1.2 Removing Duplicates

Duplicates reinforce repeat patterns of the training data by our large language model leading to overfitting. Overfitting will cause our large language model to perform well against training data, but will struggle with new, unseen data. Other reasons why removing duplicates is important, include:

  • Improving Generalization – Removing duplicates exposes our model to a more diverse range of examples. Improving generalization will lead to our model performing better when encountering novel inputs.
  • Ensuring Unique Information – Focusing on unique data points allows our model to have a more comprehensive understanding of the language that it’s being trained on.
  • Data Integrity – Duplicates may indicate errors in data collection or processing. Identifying and removing duplicates ensures that duplicates are not the result of processing errors.
  • Computational Efficiency – Processing duplicate data is simply a waste of computational resources.

1.3 Correcting Inconsistent Formatting

Large language models rely on numerical representations of data or specific data structures. Inconsistent formatting can prevent our model from properly interpreting the data. Consider the following data types that may have various ways of formatting.

  • Dates and Times
  • Capitalization
  • Units of Measurement
  • Currency Symbols
  • Special Characters and Punctuation

1.4 Outlier Detection and Handling

Identify extreme values that might be errors or anomalies. Decide whether to remove them, cap them, or transform them using techniques like logarithmic transformation. Outliers can significantly distort our model’s learning and lead to inaccurate predictions.

1.4.1 Detection Methods

The following methods can assist with determining outliers in our data:

  • Visualization – Box plots, scatter plots, and histograms can visually reveal potential outliers.
  • Z-score – Measures how many standard deviations a data point is from the mean. Z-scores above a certain threshold are considered outliers.
  • Interquartile Range (IQR) – Outliers are 1.5x the IQR before the first quartile or above the third quartile.
  • Modified Z-score – Similar to standard Z-score but is less sensitive to more extreme values.

1.4.2 Treatment Options

Now that we’ve identified potential outliers we need to decide how to treat them.

  • Removal – If outliers are clearly an error, removal is a valid option. Removal of too many data points may lead to information loss and model bias.
  • Capping – Replace outliers with a predefined minimum or maximum value that limits the influence of a data point on our model.
  • Transformation – Transforming the data point may be a valid option for handling outliers. Transformation functions include Logarithmic Transformation and Box-Cox Transformation.

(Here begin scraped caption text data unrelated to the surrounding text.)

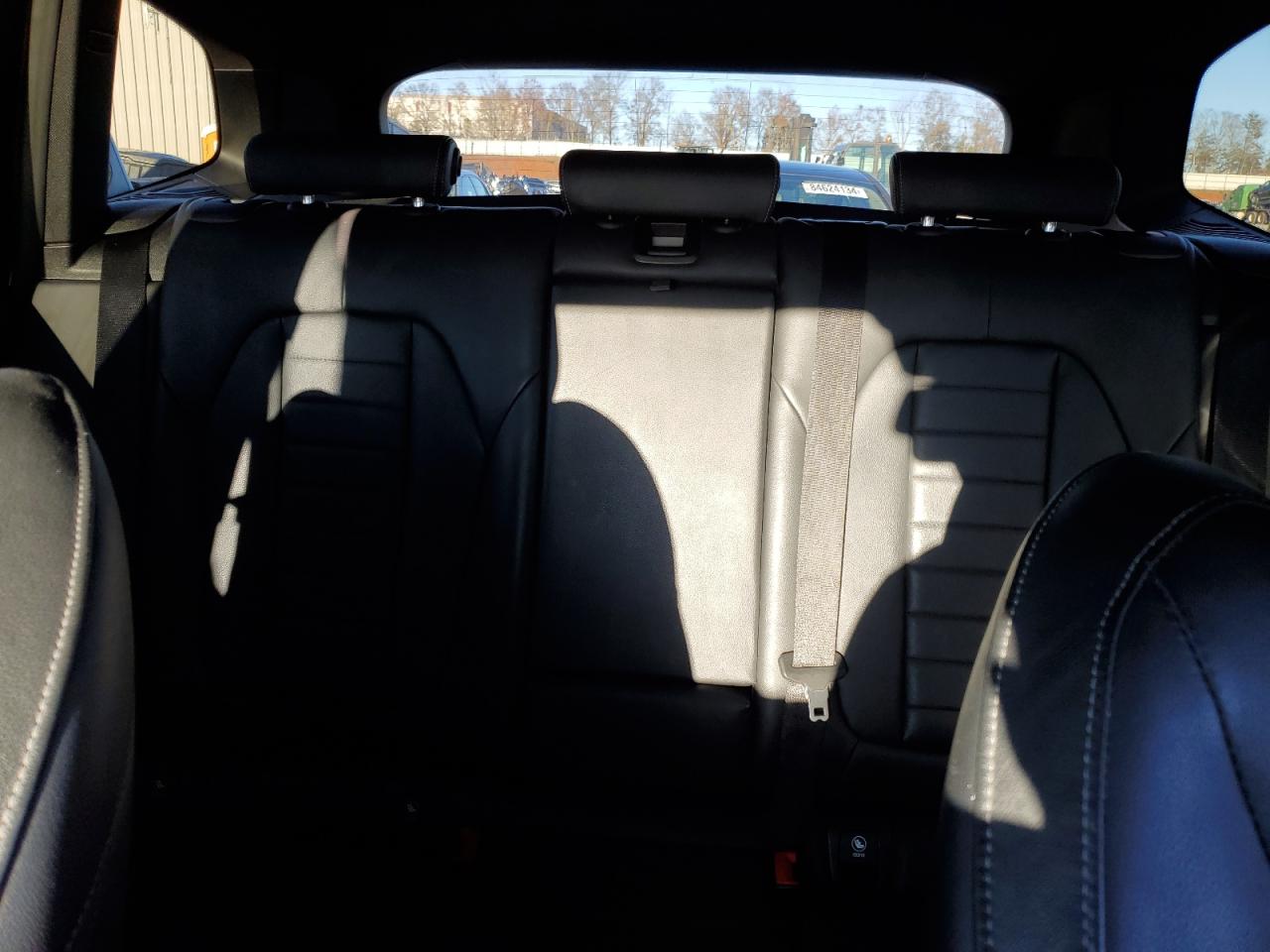 2019 BMW X3 - Image 10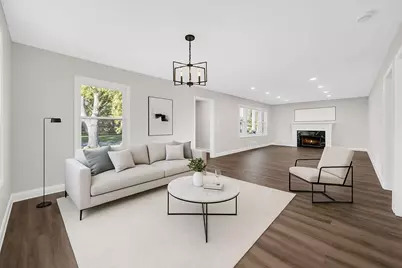 8309 Northcote Avenue, Munster, IN 46321 - Photo 9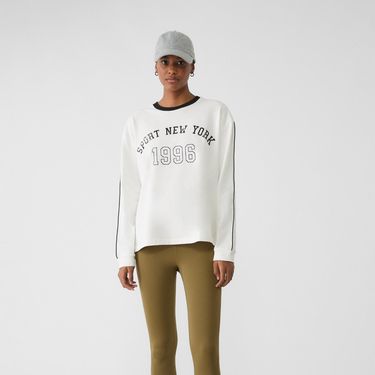 Stradivarius, 19,99 eura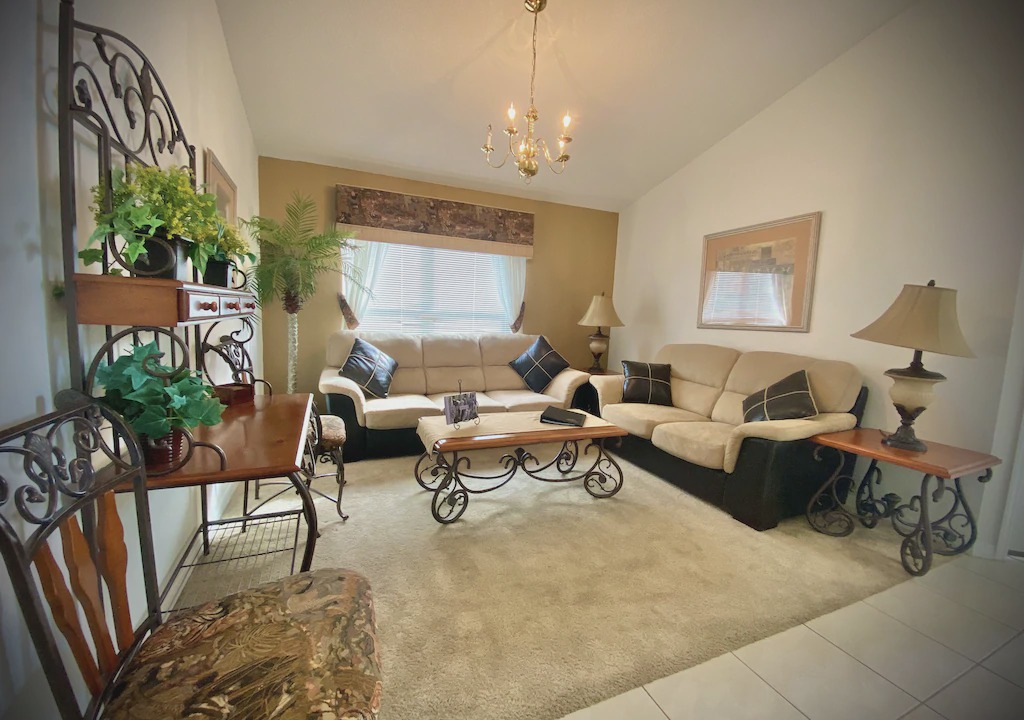 Photo of Others in Seasons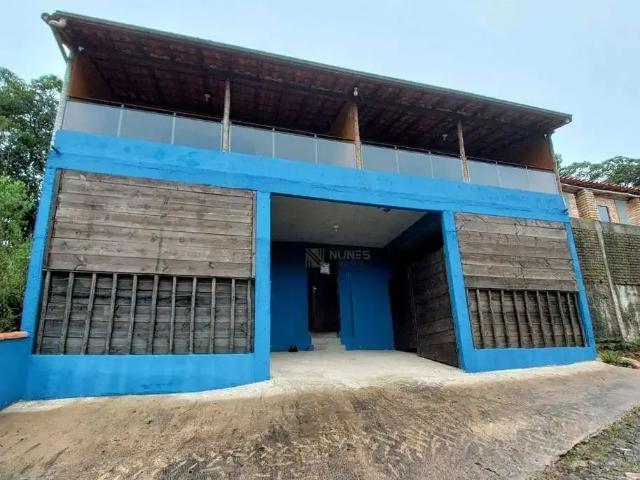 Casa venda em Região Geográfica Imediata de Juiz de Fora, Lima Duarte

When determining how to best handle outliers it’s important to consider the nature of outliersimpact on model performance, and domain expertise (aka your understanding of the data and the problem).

2. Transformation

2.1 What is a Feature?

Before we dive into transformations a little more we should explain features. A feature is a measurable property or characteristic of your data. Features are used your machine learning algorithm to learn patterns and make predictions. Some examples of features include the presence of a shape or color, a demographic such as age, location, or anything else that you’d use to categorize your data.

2.2 Feature Scaling

Feature scaling is used to ensure that every feature in our model is on the same scale. This ensures that our model will treat similar features equally. This is one way to help reduce bias in our model.

  • Standardization: The purpose of standardization is to re-scale features to ensure that the mean and the standard deviation are 0 and 1, respectively. This is useful, and necessary, for the optimizing our algorithms.

  • Normalization: Normalization is a technique that re-scales the features in our data with a distributed value between 0 and 1. For each feature, the minimum value of that feature is assigned a 0, and the maximum value of that feature is assigned a 1.

2.3 Encoding Categorical Variables

Categorized data must be converted into a numerical format that our machine learning algorithm can use. Here are a couple of methods to perform such a feat.

  • One-Hot Encoding – A new binary column is created for each unique category. The column will contain a 1 if the row’s data matches the corresponding category, or a 0 if it does not. If you have a lot of categorizations, you’ll end up with a lot of columns.
  • Label Encoding – With label encoding a unique integer is used to represent each unique category. As you can imagine, label encoding requires the creation of fewer columns, but may also be more difficult when dealing with multiple integer assignments.

Label encoding is generally preferred when there is a meaningful ordinal relationship between categories. However, bias may result if the ordinality is not genuine.

3. Feature Engineering

Now that we’ve cleaned up our data and understand what features are we now need to use these features to help our algorithm to learn more effectively by ensuring that our model understands the relationships between features.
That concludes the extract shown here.